Pouring Concrete on the Border

Pouring Concrete on the Border

National Security  | Research & Analysis
Jun 6, 2008  | 3 min read | Print Article

As Congress continues to threaten to withhold funds from the Department of Homeland Security (DHS) for failing to provide cost estimates for its planned border fence, the agency is hiring contractors to start pouring concrete.

The United States Army Corps of Engineers posted Requests for Proposals to build six segments of the border fence in Texas on a government web site last week. Three of the segments will be built near the Rio Grande Valley in Cameron County, an area that largely opposed DHS’s plans and where several groups have filed lawsuits against the agency. Two other segments are planned around Eagle Pass and another near Del Rio.

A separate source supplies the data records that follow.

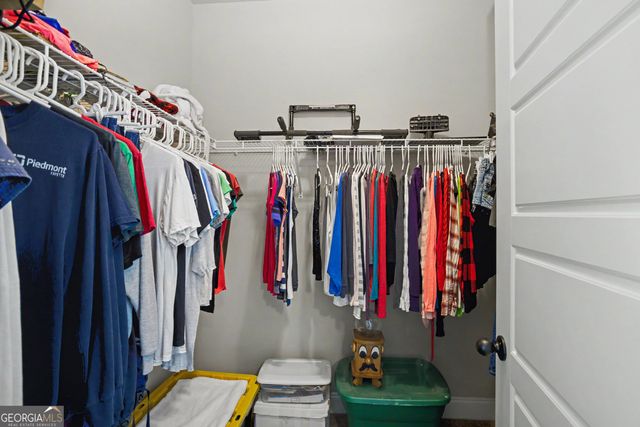 143 Linchwood Drive, Senoia, GA 30276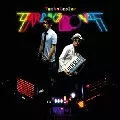 TRAKS BOYS / トラックス・ボーイズ / Technicolor
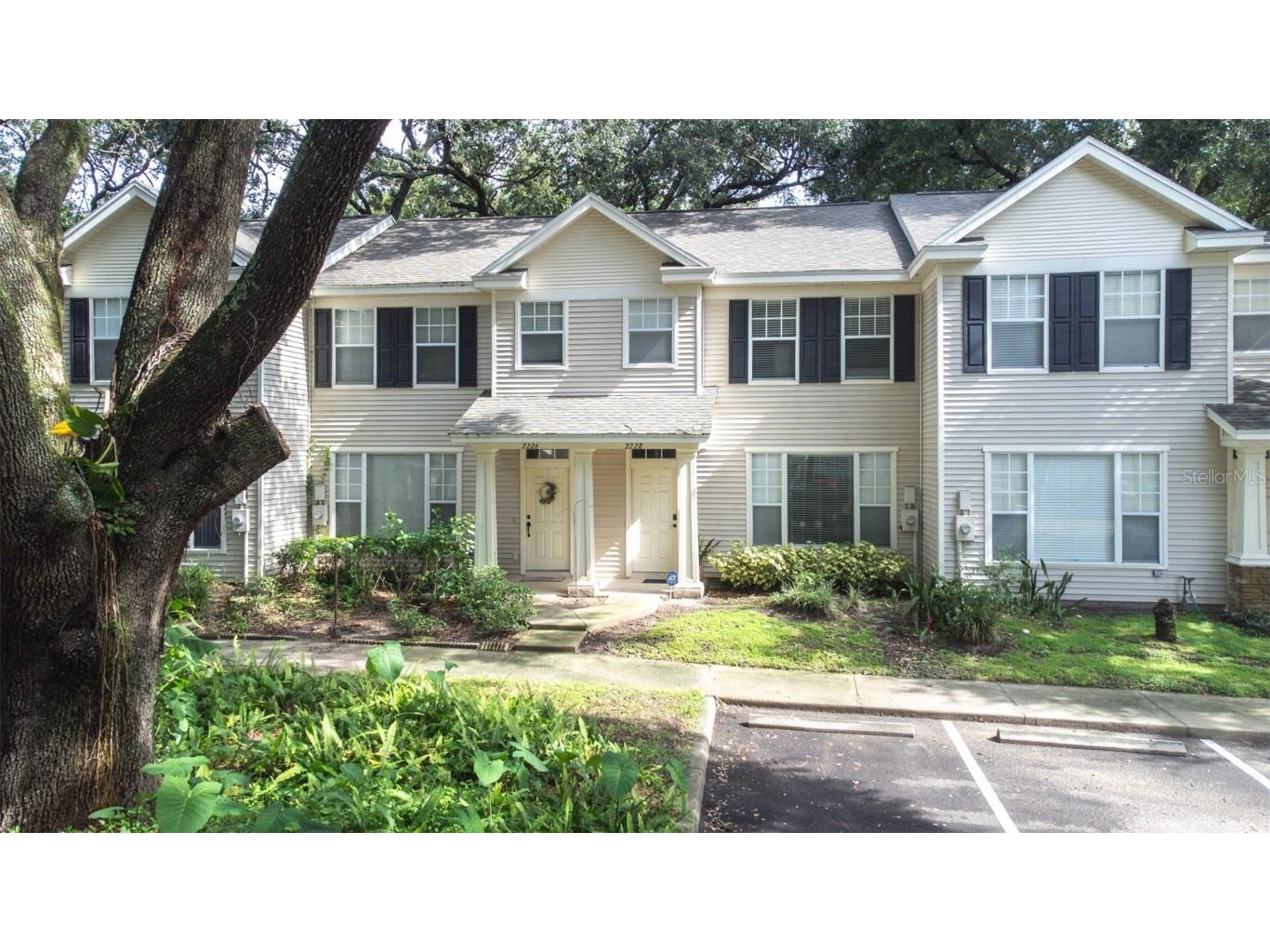 2228 Golden Oak Lane Valrico FL 33594 TB8415670 image53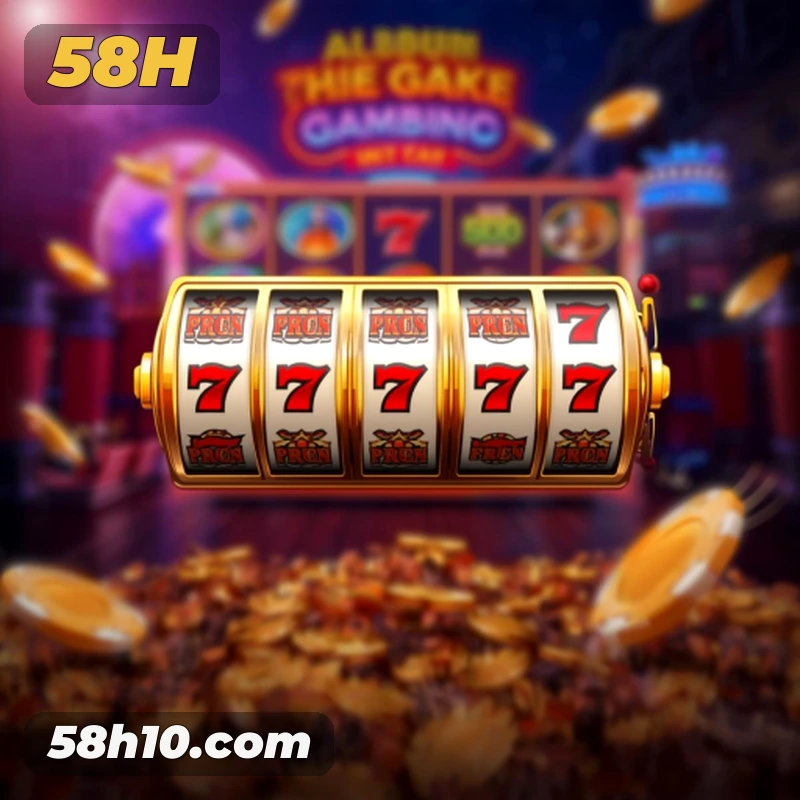 58h Salvador - Strategies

The RFPs limited the opportunity to bid on these lucrative contracts to a select group of pre-approved contractors. The largest federal contractor among the twelve approved companies is Kellogg, Brown and Root Services, which until recently held the Army’s multibillion LOGCAP logistics contract in Iraq. Other companies include Kiewit Texas Construction and Tetra Tech Inc., both of which worked on the San Diego border fence. Details of the RFPs, including projected start dates, are password-protected and marked “sensitive.”

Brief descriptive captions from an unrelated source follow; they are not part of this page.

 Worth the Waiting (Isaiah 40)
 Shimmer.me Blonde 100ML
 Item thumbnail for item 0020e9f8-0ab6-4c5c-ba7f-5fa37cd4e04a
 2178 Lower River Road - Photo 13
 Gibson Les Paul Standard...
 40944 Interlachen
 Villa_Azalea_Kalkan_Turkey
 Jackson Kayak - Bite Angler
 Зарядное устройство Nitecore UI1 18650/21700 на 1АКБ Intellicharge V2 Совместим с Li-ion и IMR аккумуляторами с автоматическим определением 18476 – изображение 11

The exact location of the fence segments is unclear, as DHS has refused to release any detailed planning or cost estimates to the public. The only existing cost analysis, conducted by the Army Corps of Engineers a decade ago, assumed that labor would be provided on the military’s dime, not by private contractors. Now that the overstretched National Guard is pulling out of border installations like San Diego, however, DHS is apparently looking to the private sector.

Language in the 2008 omnibus appropriations act warned Congress would withhold half of DHS’ $1.2 billion in fence funding until DHS submitted an expenditure plan. The legislation spelled out fourteen elements that the plan had to cover, including an analysis of costs and alternatives to fencing for each fifteen-mile segment. After the agency submitted the plan in April, House Appropriations Homeland Security Subcommittee Chairman David Price (D-NC) pointed out during a hearing that the cost and segment analyses were “conspicuously missing.” The Government Accountability Office is expected to release a report later this month stating that DHS met only half of the legislative requirements.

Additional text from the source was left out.